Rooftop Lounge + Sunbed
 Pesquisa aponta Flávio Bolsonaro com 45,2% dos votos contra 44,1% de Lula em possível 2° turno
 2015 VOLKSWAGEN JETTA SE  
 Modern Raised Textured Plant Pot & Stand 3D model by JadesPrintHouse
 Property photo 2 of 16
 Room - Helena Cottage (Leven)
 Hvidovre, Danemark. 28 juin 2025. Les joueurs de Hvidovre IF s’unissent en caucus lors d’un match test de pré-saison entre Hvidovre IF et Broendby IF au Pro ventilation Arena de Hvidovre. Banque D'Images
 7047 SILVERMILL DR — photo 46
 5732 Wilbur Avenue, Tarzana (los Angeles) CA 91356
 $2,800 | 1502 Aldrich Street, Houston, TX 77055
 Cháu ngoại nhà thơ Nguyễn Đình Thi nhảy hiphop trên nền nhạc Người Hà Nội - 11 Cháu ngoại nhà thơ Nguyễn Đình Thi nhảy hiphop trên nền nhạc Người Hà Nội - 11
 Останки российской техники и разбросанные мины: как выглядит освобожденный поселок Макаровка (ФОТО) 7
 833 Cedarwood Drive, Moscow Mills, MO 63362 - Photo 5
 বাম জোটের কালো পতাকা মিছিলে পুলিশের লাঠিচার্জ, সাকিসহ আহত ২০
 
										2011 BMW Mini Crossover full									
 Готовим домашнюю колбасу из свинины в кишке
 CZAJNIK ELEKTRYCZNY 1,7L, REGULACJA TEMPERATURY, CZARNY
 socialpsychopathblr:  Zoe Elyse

WORK INSTRUCTIONS:
Reproduce each entry exactly, with nothing missing.

RESULT OF THIS TASK:
Rooftop Lounge + Sunbed
 Pesquisa aponta Flávio Bolsonaro com 45,2% dos votos contra 44,1% de Lula em possível 2° turno
 2015 VOLKSWAGEN JETTA SE  
 Modern Raised Textured Plant Pot & Stand 3D model by JadesPrintHouse
 Property photo 2 of 16
 Room - Helena Cottage (Leven)
 Hvidovre, Danemark. 28 juin 2025. Les joueurs de Hvidovre IF s’unissent en caucus lors d’un match test de pré-saison entre Hvidovre IF et Broendby IF au Pro ventilation Arena de Hvidovre. Banque D'Images
 7047 SILVERMILL DR — photo 46
 5732 Wilbur Avenue, Tarzana (los Angeles) CA 91356
 $2,800 | 1502 Aldrich Street, Houston, TX 77055
 Cháu ngoại nhà thơ Nguyễn Đình Thi nhảy hiphop trên nền nhạc Người Hà Nội - 11 Cháu ngoại nhà thơ Nguyễn Đình Thi nhảy hiphop trên nền nhạc Người Hà Nội - 11
 Останки российской техники и разбросанные мины: как выглядит освобожденный поселок Макаровка (ФОТО) 7
 833 Cedarwood Drive, Moscow Mills, MO 63362 - Photo 5
 বাম জোটের কালো পতাকা মিছিলে পুলিশের লাঠিচার্জ, সাকিসহ আহত ২০
 
										2011 BMW Mini Crossover full									
 Готовим домашнюю колбасу из свинины в кишке
 CZAJNIK ELEKTRYCZNY 1,7L, REGULACJA TEMPERATURY, CZARNY
 socialpsychopathblr:  Zoe Elyse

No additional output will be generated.